======== Given material ========
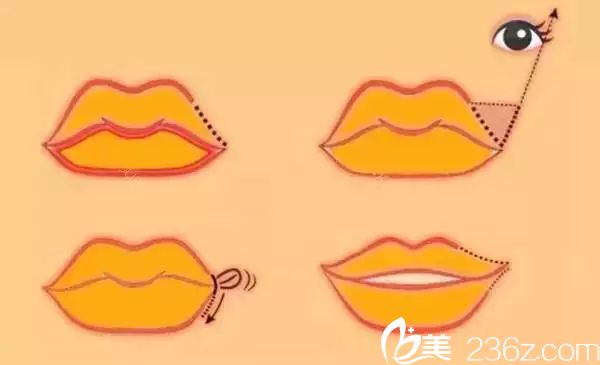 埋線提拉是將嘴角多余的皮膚去除，用線縫合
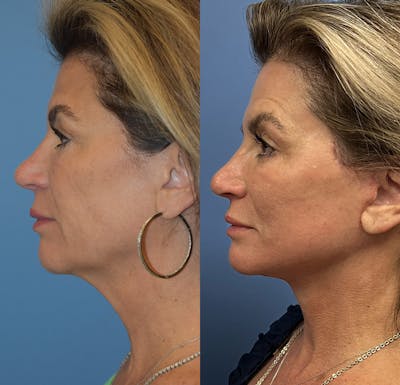 Facelift & Neck Lift Before & After Gallery - Patient 111255 - Image 4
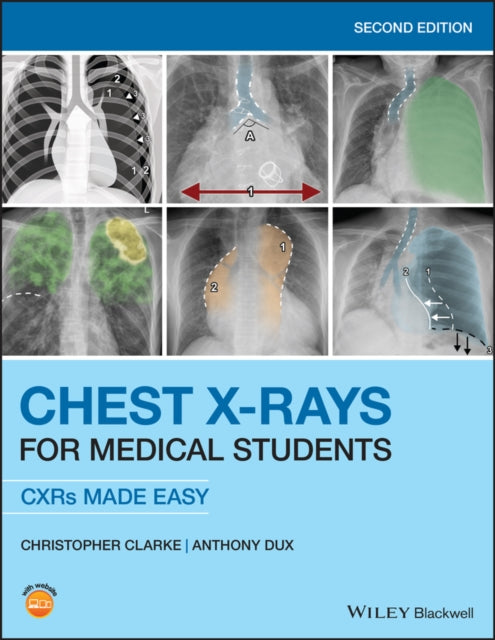 Book cover of: Chest X-Rays for Medical Students. By: Christopher Clarke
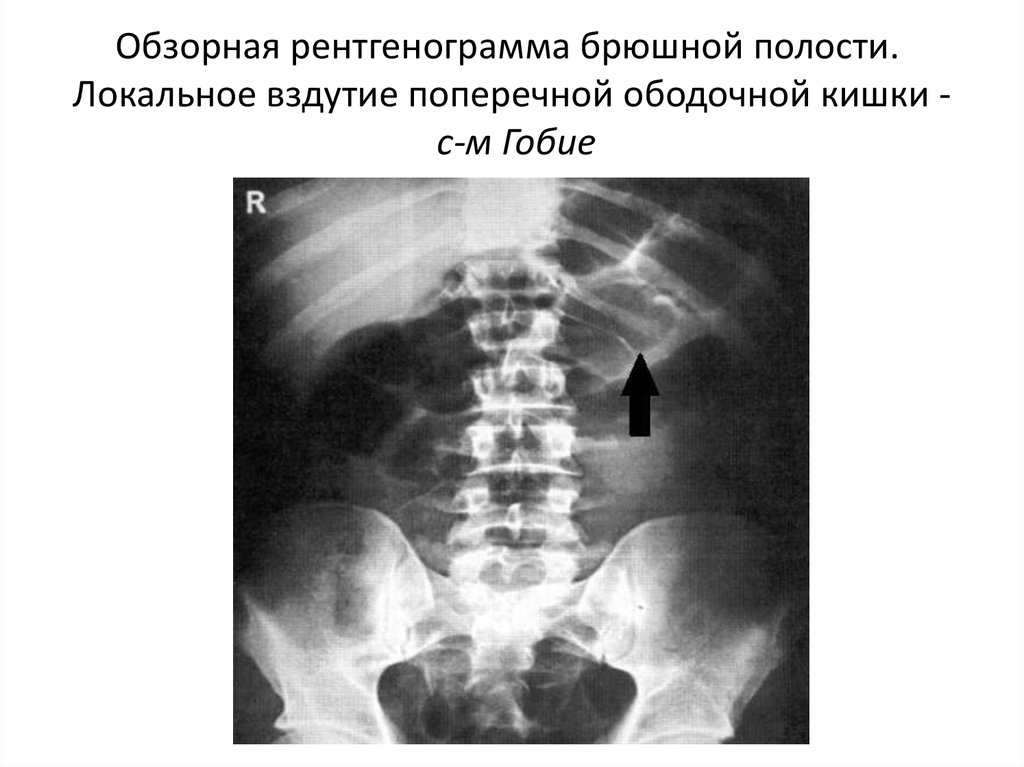 Что можно увидеть на рентгене брюшной полости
========
The expected output is the full material above, unaltered, with pictures removed.

## Solution for this exercise
 埋線提拉是將嘴角多余的皮膚去除，用線縫合
 Facelift & Neck Lift Before & After Gallery - Patient 111255 - Image 4
 Book cover of: Chest X-Rays for Medical Students. By: Christopher Clarke
 Что можно увидеть на рентгене брюшной полости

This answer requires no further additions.